Hiring Managers – How Do You Find the Best People for Your Company?hiring

We get asked this hiring question all the time…Mike Sipple Jr. weighs in to share his thoughts and opinions!

The first step is to be sure you truly know what you’re looking for – be able to answer these questions:

  • Who are the decision-makers in the process?  Have you all met around a table to agree upon what the ideal candidate profile looks like?
  • Have you agreed on the benchmarks for the candidate evaluation?  What do you want to be different than the last leader who held the position?
  • What similarities and differences do you want in the next candidate compared to the past individual and others on the leadership team?
  • What behaviors should you be looking for in candidates?  What are the behaviors needed today, and what’s needed to get your company where it needs to be in the future?

Once these questions (and more!) have been answered and agreed upon, we encourage you to ask an outside advisor who specializes in the process of recruiting and attracting talent or look to people in your network who know you and what you are about.  

  • Who do you know and trust?  
  • Who understands and appreciates your business and culture?  
  • Who can identify and refer you the leadership and talent that will fit your organization?

Centennial is especially strong in this area, because we are constantly out meeting people and networking.  We are regularly communicating with the top leaders, whether they are currently looking for opportunities or waiting for the “right time.”  We invest the time with our clients to understand goals & objectives, challenges, opportunities and “fit” and match this to the leaders who can meet and/or exceed expectations.

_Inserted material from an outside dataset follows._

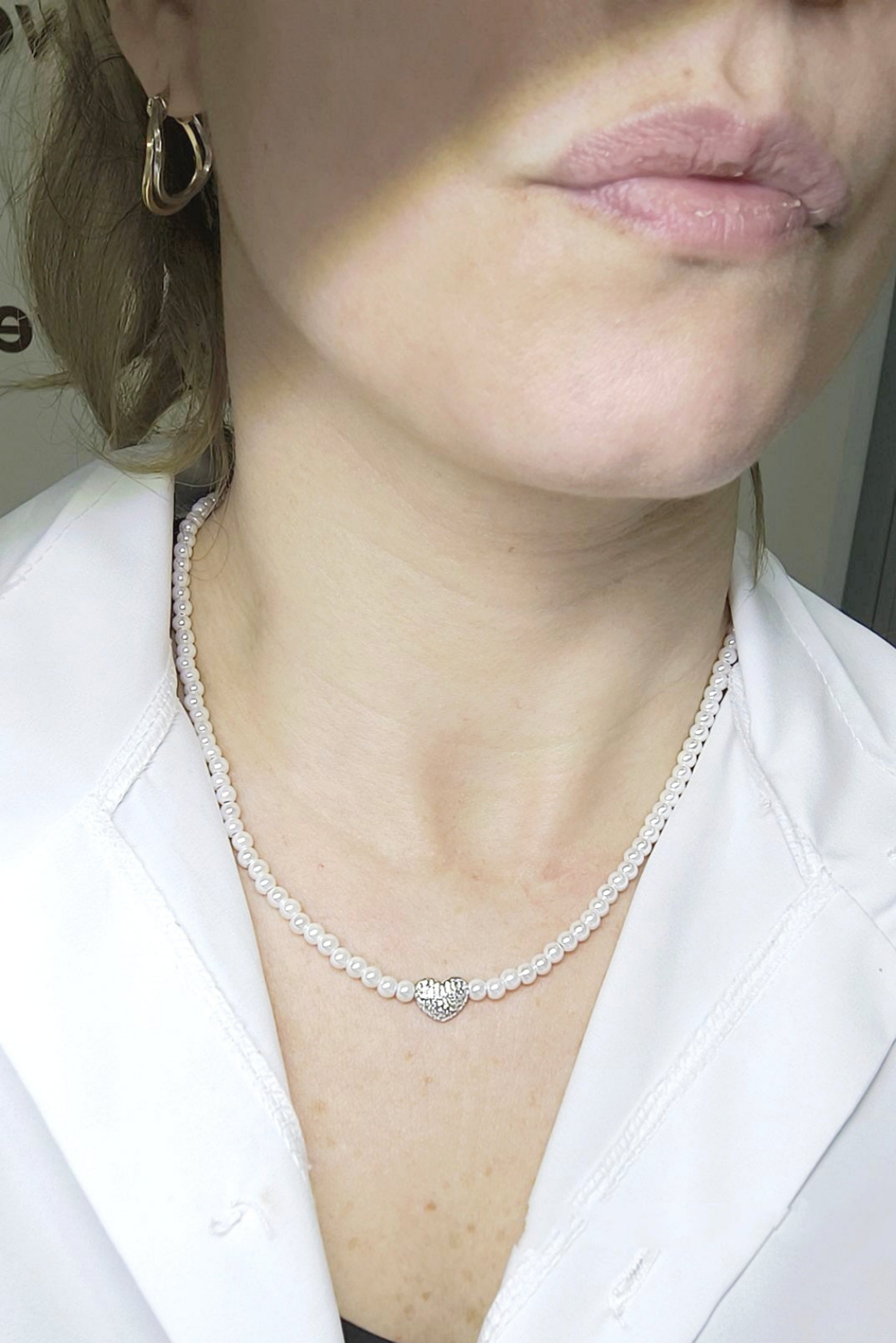 Collana con perle con cuore zirconato argento 925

If your preference is to use the job board process, that’s ok too, as long as you have the proper expectations.  In this scenario, you are really only looking at the best of who applied.  There is a difference between this approach, versus proactively communicating a message, networking and searching for candidates.  You may be able to find an “A” player on a job board, but how can you be sure?  How could you benchmark that?

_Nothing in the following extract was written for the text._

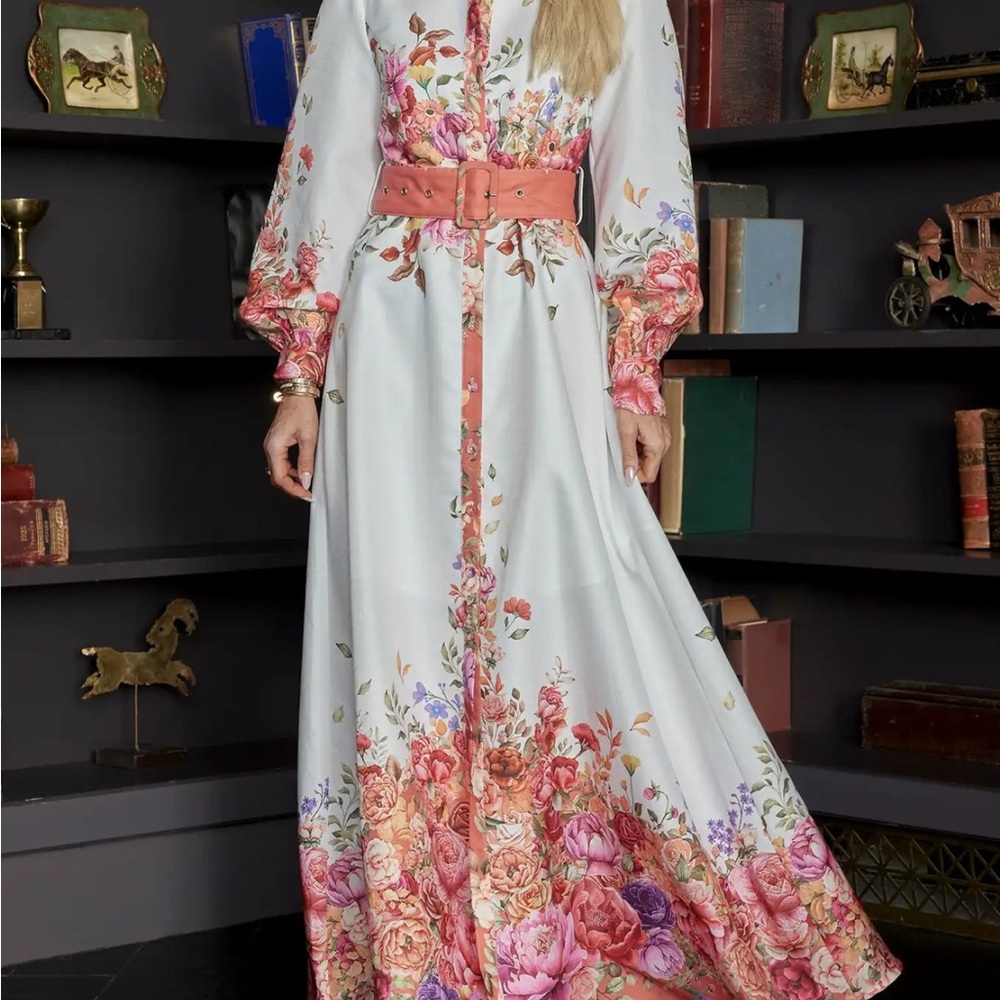 Cream Long Sleeve Gown with Mandarin Collar for Wedding Guest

It’s critical to understand and clearly communicate not only “what” you’re looking for, but also “who” you’re looking for. The “what” is defined by the role, responsibilities, and critical success factors to meet goals and objectives.  The “who,” which is equally as important, is defined by the intangibles – chemistry, culture and character.  They key is knowing both “who” and “what” you want, so you’re able to hit the target on the first round and the bulls-eye on the second round!”